Subclassification based no serum creatinine levels:

    • A <2 mg/dL = IA. Median survival in months: 61

    • B >2 mg/dL =

      • IIA, B. Median survival in months: 55

      • IIIA. Median survival in months: 30

      • IIIB. Median survival in months: 15

International Staging System criteria:

    • Stage I

      • Sr. beta2-microblobulin <3.5 mg/L

      • Sr. albumin 3.5 g/dL or more.

      • MSM: 62

    • Stage II

      • Sr. beta2-microglobulin <3.5 mg/L

      • Sr. albumin < 3.5 g/dL

OR

      • Sr. beta2-microglobulin 3.5 - 5.5 mg/L irrespective of albumin

      • MSM: 44

    • Stage III

      • Sr. beta2-microglobulin >5.5 mg/L or more

      • MSM: 29

The median survival times for patients with stages I, II, and III multiple myeloma are 62, 44, and 29 months respectively.
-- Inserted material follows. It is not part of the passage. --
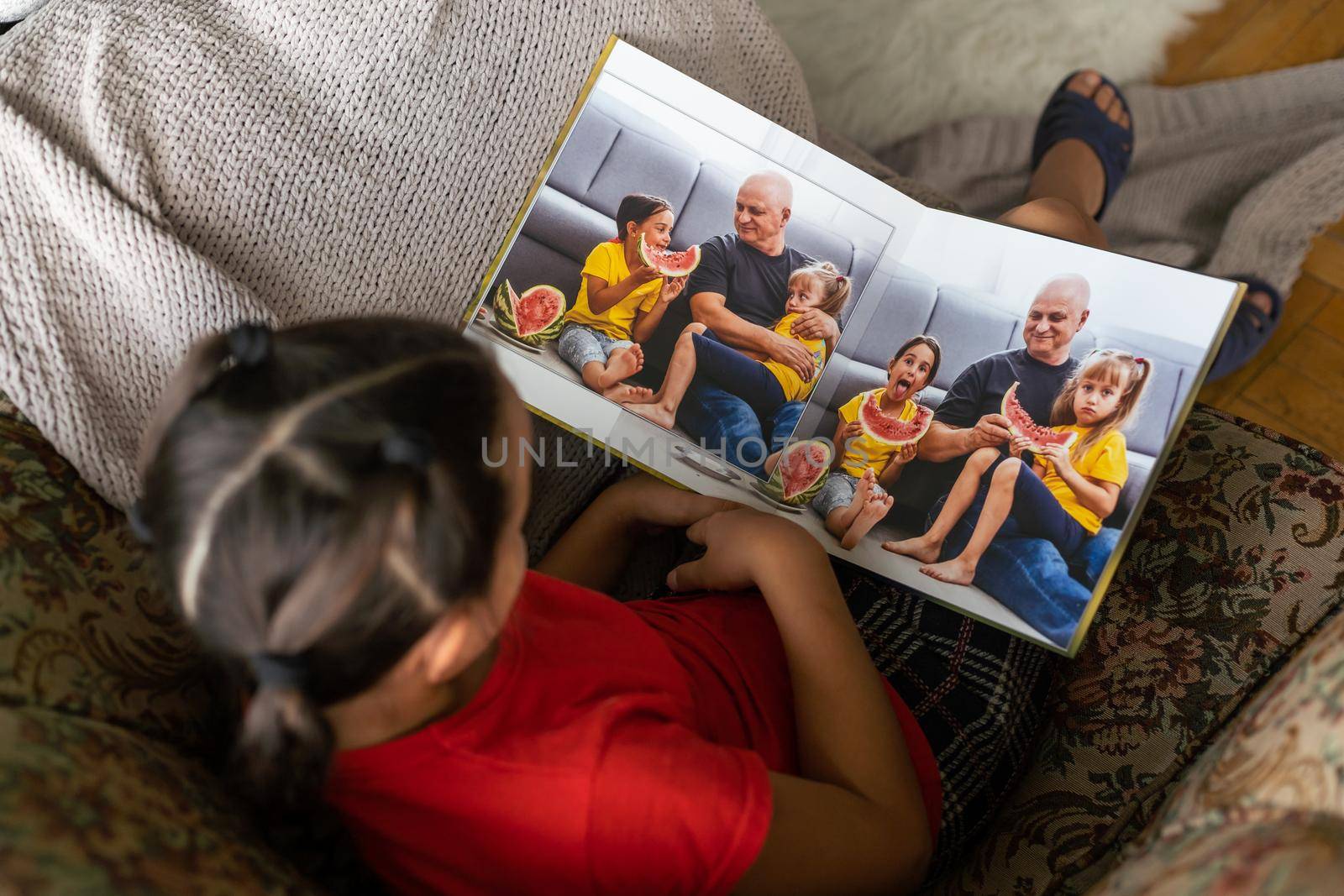 a little girl is holding a photo book.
Serum beta2 microglobulin is the single most powerful predictor of survival can can substitute staging. High serum B2 microglobulin levels >0.004 g/L forbodes 12 months survival, histological atypia (bad prognosis), elevated IL-6 (bad prognosis). High labeling index and high levels of LDH are associated with poor prognosis.

Peripheral Neuropathy in MM:

    • Radicular pain

    • Compression of spinal cord or cauda equina

    • Peripheral neuropathy may occur but it is associated with primary amyloidosis

    • PN form MM itself is rare (3.5%)

    • Peripheral neuropathy may involve both motor and sensory modalities without direct invasion or compression of the nerve in patients with MM.